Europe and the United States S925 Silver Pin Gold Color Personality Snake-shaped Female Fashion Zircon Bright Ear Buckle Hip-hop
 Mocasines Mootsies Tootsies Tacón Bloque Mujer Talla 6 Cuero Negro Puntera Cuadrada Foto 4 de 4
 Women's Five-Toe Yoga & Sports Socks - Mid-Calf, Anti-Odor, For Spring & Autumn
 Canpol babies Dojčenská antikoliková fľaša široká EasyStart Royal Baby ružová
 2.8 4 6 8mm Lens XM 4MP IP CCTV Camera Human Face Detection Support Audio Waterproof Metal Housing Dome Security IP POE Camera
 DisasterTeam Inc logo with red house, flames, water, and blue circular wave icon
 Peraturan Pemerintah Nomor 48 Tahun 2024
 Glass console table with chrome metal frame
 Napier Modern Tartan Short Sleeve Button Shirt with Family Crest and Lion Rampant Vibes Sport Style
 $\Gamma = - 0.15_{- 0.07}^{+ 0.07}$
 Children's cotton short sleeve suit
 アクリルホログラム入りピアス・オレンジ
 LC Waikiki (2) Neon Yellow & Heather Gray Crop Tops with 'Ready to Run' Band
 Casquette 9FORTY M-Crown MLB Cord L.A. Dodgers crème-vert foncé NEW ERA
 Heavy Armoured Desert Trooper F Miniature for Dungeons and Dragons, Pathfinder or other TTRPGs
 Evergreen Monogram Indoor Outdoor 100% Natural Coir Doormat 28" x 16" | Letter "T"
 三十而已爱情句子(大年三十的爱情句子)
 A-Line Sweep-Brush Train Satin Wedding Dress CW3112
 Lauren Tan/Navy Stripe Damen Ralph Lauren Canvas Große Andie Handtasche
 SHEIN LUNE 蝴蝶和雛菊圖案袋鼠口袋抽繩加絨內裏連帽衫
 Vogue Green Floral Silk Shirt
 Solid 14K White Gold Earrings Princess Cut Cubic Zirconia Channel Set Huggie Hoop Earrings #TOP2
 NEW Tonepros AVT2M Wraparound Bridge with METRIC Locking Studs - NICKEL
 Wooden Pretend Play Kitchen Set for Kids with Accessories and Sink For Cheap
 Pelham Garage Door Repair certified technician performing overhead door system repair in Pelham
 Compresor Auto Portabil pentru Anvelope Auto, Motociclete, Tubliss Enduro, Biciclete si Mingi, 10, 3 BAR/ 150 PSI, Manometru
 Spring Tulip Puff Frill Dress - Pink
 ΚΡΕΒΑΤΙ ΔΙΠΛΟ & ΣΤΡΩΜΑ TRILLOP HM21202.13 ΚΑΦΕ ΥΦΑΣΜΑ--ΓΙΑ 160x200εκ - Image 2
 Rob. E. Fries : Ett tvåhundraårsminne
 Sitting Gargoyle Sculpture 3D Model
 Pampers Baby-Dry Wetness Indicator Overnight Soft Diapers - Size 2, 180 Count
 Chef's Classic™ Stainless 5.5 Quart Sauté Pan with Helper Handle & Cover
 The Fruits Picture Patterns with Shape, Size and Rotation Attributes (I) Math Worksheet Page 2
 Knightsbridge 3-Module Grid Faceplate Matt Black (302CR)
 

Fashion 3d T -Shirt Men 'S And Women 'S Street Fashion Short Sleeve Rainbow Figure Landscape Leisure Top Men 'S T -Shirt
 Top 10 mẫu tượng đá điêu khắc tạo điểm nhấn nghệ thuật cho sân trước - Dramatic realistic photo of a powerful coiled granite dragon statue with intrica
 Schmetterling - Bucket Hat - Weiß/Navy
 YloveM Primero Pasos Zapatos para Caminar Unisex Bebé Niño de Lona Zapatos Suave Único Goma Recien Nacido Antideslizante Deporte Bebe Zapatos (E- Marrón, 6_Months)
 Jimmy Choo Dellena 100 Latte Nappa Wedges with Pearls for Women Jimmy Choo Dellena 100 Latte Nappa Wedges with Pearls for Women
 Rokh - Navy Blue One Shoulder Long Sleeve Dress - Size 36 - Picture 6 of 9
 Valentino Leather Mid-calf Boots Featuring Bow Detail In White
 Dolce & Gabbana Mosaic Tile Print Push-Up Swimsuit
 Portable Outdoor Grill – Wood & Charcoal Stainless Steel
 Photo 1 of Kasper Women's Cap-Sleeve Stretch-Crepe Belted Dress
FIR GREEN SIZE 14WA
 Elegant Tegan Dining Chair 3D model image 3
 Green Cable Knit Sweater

■ ■ ■ ■ ■ ■ ■

Exercise prompt:
The lines needed are those in the data above that hold the string "Fashion"; copy each of them.

Your response:
Europe and the United States S925 Silver Pin Gold Color Personality Snake-shaped Female Fashion Zircon Bright Ear Buckle Hip-hop
Fashion 3d T -Shirt Men 'S And Women 'S Street Fashion Short Sleeve Rainbow Figure Landscape Leisure Top Men 'S T -Shirt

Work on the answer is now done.